Podiumsdiskussion auf dem Technologie- und Anwenderkongress VIP 2009 in Fürstenfeldbruck

Mit Labview Robotics 2009 soll das Design von anspruchsvollen Robotersteuerungssystemen ermöglicht werden

In der Robotik und der Mechatronik stehen meist Mechanik und Elektronik im Vordergrund. Sie binden das meiste Personal und verursachen die höchsten Kosten. Der Software wird häufig nur eine geringe Aufmerksamkeit geschenkt, obwohl sie für die Funktion entscheidend ist. Prof. Dr. Michael Hofbaur vom Institut für Automatisierungs- und Regelungstechnik der privaten Universität Umit in Hall/Tirol, Alexander Kempf von Denso Robotics Europe, Dr. Stefan Enderle von „gfix robotics“, Dr. Rainer Stetter von ITQ, und Rahman Jamal von National Instruments beantworteten die Fragen der etz-Redaktion auf dem Kongress VIP zur Rolle der Software.

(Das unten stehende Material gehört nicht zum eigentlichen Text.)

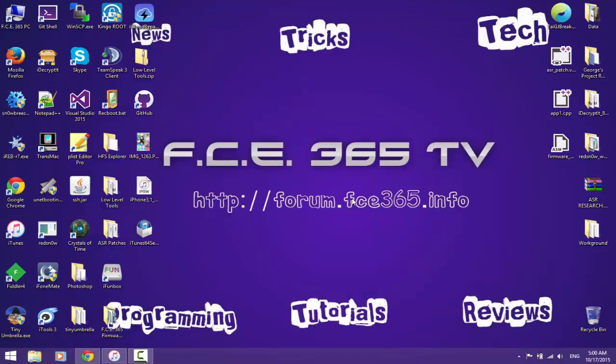Hello and welcome to FCE365TV, my name is George and today I'm going to show you how to restore your iPhone 4 with custom-made firmware without getting error 11, error 3000, or 3000 and some x.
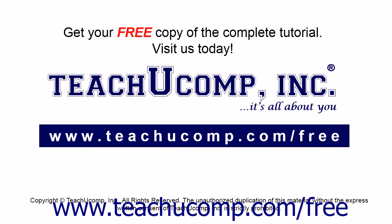Get your free copy of the complete tutorial at www.teachucomp.com/free.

Was verstehen wir unter Mechatronik?
Dr. R. Stetter: Laut der Literatur ist die Mechatronik ein technisches Thema. Der Begriff entstand aus den beiden Wörtern Mechanik und Elektrotechnik. Darin sieht man bereits das Problem: Bei der Begriffsdefinition für die Mechatronik hat man die Informatik vergessen. Über das technische Thema hinweg ist die Mechatronik eher eine Philosophie und die Informatik oder das Software-Engineering ein zentrales Element der Mechatronik. Damit dies in den Unternehmen auch gewährleistet ist, muss sich die Denkweise ändern.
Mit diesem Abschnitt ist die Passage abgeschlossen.